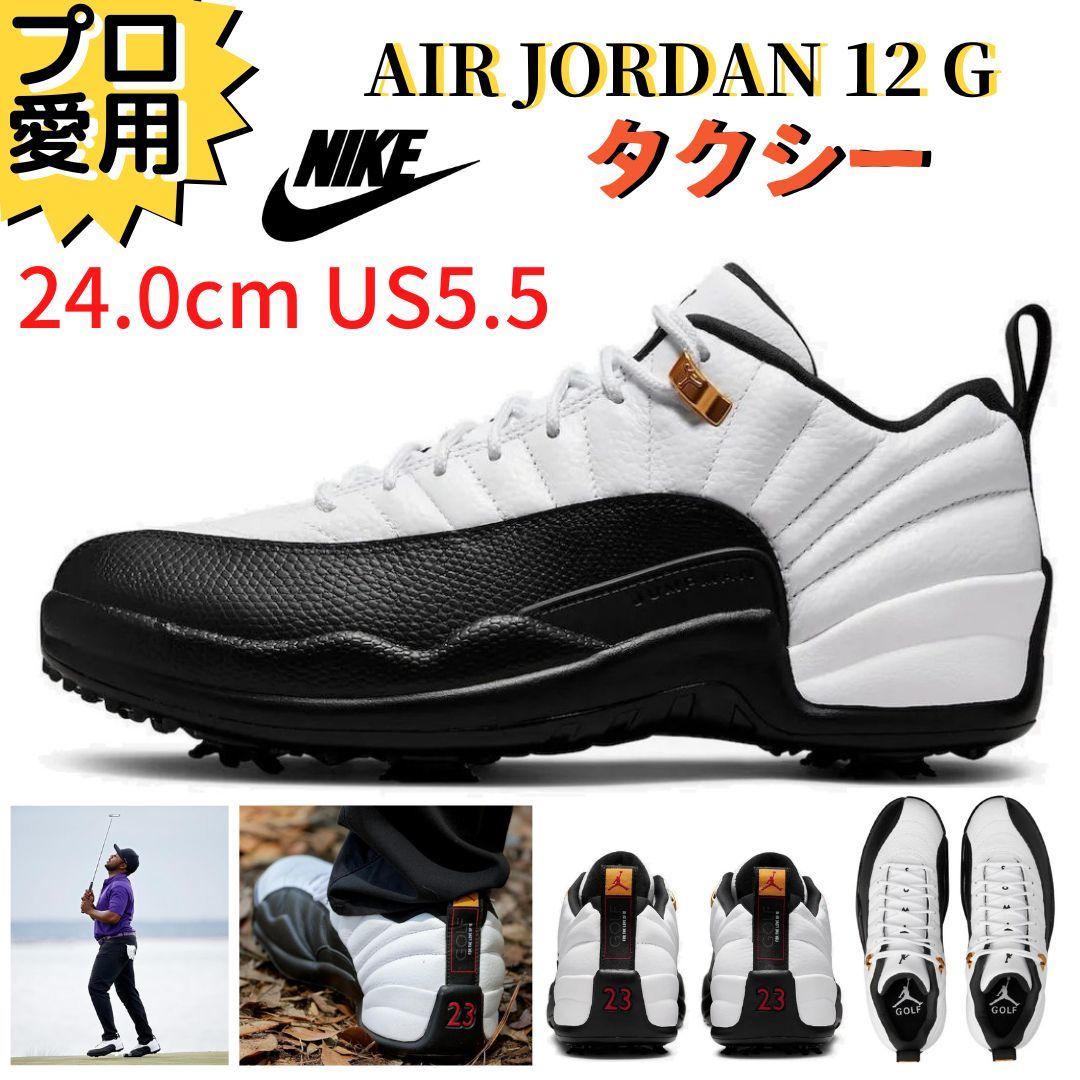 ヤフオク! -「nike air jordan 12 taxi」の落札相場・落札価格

==

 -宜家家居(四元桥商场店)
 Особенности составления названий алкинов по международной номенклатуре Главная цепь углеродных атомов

How to complete this task: The reply should hold only the lines of the listing above starting at the line containing "-宜家家居(四元桥商场店)" and ending at the line containing "Особенности составления названий", exactly as written.

Task solution:
 -宜家家居(四元桥商场店)
 Особенности составления названий алкинов по международной номенклатуре Главная цепь углеродных атомов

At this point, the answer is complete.